Understanding Euclid's proof that the number of primes is infinite.

Question

In Euclid's proof, if $p_1, p_2, \dots, p_n$ are the only primes then $p_1 \times p_2 \times \dots \times p_n + 1$ is not divisible by any of $p_1, p_2, \dots, p_n$ (because of some algebraic facts), which makes another prime and is a contradiction.

The proof makes sense logically, and I tried some numerical examples to "feel" the proof better but...

$2 \times 3 \times 5\times 7\times 11\times 13+1$ is not a prime! $2 \times 3 \times 5\times 7\times 11\times 13 \times 17+1$ is also not prime! Why is the general case proof is not working for these examples?

Answer 1

Suppose there are finitely many primes. Then we can enumerate them as a set $$P = \{p_1, p_2, \ldots, p_n\}.$$ The number $m = p_1 p_2 \ldots p_n + 1$ is either prime or composite. If it is prime, then we have found a prime that is not among the finite set $\{p_1, \ldots, p_n\}$ of primes we assumed to comprise the collection of all primes. If it is composite, then it is divisible by a prime. But it cannot be divisible by any of $p_1, p_2, \ldots, p_n$, for upon dividing $m$ by any of these primes, it leaves a remainder of $1$. Therefore, $m$ is divisible by a prime that again is not in the presumed set of all primes. In either case, a contradiction is obtained in which the assumption that there are finitely many primes is violated.

Answer 2

Euclid's proof was not by contradiction. Many respectable authors say it was, and they're wrong. Dirichlet may have been the originator of the error.

Euclid said that if you take any finite set $S$ of primes (which need not be the first $n$ primes) then the prime factors of $1+\prod S$ are not members of $S$; hence there is at least one more prime than those in any finite set $S$.

Say the finite set you start with is $S=\{5,7\}$. Then $1+\prod S = 36 = 2\times2\times3\times3$, so the additional prime numbers are $2$ and $3$.

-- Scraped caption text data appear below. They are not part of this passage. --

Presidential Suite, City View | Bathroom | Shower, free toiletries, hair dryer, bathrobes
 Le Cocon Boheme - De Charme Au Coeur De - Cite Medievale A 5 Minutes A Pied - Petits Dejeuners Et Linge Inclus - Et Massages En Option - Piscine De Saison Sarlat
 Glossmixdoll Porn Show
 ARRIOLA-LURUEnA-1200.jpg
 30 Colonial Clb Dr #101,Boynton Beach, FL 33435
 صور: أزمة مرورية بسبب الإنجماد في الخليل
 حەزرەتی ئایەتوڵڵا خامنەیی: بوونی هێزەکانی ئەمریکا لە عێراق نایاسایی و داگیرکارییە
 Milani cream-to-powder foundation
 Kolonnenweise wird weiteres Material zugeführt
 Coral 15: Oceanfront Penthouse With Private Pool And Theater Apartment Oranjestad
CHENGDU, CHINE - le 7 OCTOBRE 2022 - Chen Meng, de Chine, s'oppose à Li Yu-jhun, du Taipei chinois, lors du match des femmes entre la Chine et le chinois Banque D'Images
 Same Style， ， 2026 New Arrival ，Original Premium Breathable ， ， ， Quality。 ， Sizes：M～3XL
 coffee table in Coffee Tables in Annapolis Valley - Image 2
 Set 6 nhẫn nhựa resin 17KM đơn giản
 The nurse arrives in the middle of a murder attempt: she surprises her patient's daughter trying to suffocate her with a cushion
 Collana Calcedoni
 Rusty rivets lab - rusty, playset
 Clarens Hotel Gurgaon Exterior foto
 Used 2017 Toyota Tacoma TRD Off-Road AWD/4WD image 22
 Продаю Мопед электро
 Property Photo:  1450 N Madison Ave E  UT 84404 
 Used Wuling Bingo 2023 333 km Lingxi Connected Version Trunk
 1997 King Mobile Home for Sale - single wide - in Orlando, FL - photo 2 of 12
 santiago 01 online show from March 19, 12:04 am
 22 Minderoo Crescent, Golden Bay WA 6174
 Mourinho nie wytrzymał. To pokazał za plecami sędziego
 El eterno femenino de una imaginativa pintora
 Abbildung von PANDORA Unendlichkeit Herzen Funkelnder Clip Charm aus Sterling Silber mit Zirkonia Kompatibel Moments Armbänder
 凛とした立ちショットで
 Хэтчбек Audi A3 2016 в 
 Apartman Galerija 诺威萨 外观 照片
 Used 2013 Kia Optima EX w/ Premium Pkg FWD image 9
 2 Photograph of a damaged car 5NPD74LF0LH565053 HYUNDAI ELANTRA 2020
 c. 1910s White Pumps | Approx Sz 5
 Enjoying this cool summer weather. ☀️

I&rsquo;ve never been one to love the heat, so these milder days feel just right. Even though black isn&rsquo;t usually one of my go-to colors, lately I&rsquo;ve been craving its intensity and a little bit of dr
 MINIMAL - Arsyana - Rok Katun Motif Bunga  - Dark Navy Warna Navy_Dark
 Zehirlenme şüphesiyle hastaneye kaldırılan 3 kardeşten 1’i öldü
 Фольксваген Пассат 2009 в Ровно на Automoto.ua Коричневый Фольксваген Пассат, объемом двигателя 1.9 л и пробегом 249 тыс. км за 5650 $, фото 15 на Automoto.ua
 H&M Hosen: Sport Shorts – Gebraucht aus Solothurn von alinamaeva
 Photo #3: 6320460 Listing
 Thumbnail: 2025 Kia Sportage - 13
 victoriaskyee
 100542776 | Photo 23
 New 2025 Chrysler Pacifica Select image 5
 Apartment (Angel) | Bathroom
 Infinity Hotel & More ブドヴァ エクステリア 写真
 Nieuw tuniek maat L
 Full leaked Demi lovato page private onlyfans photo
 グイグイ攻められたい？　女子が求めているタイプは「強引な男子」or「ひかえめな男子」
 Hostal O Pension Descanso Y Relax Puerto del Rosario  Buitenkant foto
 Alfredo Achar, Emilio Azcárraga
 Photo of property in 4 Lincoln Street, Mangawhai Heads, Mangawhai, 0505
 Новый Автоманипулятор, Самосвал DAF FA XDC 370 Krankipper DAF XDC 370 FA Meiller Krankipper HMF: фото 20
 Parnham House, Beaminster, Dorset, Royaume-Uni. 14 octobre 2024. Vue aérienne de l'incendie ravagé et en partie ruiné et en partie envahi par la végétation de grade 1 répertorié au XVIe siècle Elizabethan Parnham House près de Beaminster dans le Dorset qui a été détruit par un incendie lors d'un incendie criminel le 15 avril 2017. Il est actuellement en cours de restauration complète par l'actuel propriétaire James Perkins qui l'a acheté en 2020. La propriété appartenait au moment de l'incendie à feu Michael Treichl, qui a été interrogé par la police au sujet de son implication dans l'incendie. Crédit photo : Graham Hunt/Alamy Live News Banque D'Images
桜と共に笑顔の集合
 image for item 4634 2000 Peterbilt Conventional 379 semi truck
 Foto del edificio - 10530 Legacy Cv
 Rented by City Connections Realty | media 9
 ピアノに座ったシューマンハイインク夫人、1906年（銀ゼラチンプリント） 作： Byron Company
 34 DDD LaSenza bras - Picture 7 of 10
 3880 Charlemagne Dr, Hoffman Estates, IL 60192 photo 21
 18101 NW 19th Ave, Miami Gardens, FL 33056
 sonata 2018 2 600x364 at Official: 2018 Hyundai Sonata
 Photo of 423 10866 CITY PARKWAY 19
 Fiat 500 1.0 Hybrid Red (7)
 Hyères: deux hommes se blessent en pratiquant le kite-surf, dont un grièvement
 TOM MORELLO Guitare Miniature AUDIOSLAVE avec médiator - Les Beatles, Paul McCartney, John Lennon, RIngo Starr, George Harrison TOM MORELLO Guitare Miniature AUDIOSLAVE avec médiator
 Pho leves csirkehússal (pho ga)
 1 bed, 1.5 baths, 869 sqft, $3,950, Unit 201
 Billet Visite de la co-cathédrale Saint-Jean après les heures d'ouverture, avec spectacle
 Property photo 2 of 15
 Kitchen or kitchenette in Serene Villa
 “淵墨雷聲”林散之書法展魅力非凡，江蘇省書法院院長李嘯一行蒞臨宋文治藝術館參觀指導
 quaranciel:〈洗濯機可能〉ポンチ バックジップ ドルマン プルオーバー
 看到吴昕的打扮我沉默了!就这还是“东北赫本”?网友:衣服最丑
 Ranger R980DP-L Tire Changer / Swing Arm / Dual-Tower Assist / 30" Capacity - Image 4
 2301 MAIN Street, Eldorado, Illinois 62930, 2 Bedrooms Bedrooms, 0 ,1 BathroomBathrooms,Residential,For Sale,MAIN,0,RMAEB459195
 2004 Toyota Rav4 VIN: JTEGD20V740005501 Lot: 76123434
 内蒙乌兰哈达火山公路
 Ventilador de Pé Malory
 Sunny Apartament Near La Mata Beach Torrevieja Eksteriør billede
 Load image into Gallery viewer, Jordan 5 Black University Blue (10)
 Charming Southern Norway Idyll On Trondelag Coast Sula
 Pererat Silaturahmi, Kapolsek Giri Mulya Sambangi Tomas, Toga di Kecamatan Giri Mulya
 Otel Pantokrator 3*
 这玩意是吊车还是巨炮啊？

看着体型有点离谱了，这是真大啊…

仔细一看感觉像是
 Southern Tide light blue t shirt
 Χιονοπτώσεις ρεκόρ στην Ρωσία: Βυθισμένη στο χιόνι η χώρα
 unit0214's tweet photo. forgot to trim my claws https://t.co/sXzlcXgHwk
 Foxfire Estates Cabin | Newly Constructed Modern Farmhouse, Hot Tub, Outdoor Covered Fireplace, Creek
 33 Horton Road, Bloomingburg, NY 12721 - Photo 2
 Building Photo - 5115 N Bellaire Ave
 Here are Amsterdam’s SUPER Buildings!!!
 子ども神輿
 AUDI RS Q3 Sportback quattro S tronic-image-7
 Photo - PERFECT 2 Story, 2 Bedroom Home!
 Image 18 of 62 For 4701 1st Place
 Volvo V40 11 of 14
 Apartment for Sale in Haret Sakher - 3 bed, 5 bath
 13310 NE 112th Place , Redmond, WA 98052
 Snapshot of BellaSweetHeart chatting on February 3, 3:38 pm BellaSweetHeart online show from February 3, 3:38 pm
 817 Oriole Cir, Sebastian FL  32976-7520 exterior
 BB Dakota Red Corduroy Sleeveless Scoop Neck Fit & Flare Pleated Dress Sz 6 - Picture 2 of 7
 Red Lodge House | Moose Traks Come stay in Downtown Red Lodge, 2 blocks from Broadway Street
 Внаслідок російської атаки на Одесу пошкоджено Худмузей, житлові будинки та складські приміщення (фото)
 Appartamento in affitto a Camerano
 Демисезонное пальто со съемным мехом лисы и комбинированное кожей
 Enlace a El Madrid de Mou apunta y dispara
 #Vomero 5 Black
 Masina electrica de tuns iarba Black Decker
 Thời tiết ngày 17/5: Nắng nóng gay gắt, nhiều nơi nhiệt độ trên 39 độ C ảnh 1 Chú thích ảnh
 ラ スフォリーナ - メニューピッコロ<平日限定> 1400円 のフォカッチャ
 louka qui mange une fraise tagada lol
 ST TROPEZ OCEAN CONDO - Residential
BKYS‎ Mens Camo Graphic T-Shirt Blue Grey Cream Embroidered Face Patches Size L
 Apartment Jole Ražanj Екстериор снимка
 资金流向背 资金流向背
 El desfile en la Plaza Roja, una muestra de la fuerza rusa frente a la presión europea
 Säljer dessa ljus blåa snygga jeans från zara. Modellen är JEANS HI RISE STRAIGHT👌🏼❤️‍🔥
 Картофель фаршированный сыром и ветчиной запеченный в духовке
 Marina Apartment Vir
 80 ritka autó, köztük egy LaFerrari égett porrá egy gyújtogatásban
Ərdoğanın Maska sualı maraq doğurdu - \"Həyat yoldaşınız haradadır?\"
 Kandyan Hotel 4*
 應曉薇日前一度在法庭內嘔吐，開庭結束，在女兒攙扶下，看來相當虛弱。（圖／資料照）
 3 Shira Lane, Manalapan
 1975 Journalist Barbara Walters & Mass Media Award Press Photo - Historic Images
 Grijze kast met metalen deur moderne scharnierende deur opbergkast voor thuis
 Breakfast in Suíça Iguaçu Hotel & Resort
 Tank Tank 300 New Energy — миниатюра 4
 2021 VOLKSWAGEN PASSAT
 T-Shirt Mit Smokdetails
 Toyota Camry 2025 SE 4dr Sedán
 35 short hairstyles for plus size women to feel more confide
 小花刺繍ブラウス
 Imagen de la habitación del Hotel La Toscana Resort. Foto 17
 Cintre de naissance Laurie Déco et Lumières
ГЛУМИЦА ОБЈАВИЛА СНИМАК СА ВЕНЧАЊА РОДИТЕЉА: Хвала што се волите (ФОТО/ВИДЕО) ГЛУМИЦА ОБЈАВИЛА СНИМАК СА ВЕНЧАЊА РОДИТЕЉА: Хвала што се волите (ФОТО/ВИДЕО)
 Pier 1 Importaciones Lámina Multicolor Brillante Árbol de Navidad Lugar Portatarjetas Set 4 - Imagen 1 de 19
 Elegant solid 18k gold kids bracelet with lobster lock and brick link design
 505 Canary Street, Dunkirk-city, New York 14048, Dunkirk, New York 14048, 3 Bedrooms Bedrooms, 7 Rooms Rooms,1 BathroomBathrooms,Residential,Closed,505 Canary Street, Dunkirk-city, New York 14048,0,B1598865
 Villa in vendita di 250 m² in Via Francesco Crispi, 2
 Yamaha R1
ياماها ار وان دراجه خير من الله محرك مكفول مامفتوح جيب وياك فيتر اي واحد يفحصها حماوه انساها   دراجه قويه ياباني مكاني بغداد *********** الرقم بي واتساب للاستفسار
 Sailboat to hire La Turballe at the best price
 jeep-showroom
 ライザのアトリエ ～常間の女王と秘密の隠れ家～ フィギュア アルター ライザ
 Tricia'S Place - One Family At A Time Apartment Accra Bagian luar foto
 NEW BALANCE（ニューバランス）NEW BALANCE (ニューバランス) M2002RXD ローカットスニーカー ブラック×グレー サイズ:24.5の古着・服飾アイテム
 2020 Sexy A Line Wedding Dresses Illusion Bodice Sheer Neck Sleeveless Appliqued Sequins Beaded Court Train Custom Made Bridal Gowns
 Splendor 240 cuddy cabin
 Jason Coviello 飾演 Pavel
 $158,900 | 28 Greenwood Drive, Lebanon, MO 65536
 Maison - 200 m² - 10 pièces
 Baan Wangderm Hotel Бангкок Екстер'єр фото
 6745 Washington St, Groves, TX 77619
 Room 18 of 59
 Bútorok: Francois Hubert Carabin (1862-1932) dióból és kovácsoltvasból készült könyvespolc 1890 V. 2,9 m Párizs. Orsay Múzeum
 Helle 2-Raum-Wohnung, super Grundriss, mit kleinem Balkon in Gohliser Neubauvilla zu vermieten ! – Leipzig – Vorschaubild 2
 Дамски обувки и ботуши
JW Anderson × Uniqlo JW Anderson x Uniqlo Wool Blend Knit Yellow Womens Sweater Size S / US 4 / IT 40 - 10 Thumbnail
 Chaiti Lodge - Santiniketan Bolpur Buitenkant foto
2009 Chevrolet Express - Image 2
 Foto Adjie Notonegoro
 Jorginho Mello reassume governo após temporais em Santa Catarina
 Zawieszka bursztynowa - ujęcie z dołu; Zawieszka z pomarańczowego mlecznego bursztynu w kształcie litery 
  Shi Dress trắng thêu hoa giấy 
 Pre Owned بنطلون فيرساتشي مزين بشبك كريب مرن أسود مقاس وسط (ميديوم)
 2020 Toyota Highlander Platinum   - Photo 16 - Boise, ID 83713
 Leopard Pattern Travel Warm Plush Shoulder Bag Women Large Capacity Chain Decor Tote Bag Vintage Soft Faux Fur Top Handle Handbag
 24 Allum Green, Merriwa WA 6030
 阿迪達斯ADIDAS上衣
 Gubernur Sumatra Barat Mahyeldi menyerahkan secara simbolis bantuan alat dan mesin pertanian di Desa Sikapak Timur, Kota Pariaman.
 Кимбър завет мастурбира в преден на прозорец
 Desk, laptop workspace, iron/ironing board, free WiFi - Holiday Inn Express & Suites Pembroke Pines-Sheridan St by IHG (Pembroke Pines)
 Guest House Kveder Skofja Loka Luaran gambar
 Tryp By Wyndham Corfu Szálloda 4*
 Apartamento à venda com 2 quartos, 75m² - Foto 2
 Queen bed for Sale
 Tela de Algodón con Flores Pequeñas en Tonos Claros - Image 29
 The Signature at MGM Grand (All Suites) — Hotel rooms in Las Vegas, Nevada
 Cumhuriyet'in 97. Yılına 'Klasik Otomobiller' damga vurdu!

There's nothing in that that says $1+\prod S$ (which in the example above is $36$) is prime. That comes up only when the proof is rearranged into a proof by contradiction, and then $1+\prod S$ is shown to be prime, not in the actual sequence of natural numbers, but in the hypothetical set of all natural numbers that contains only finitely many primes. Since that hypothetical set is ultimately shown not to exist, there's no problem.

Moral of the story: Rearranging this into a proof by contradiction makes the matter confusing and more complicated --- hence in those ways inferior to Euclid's original proof.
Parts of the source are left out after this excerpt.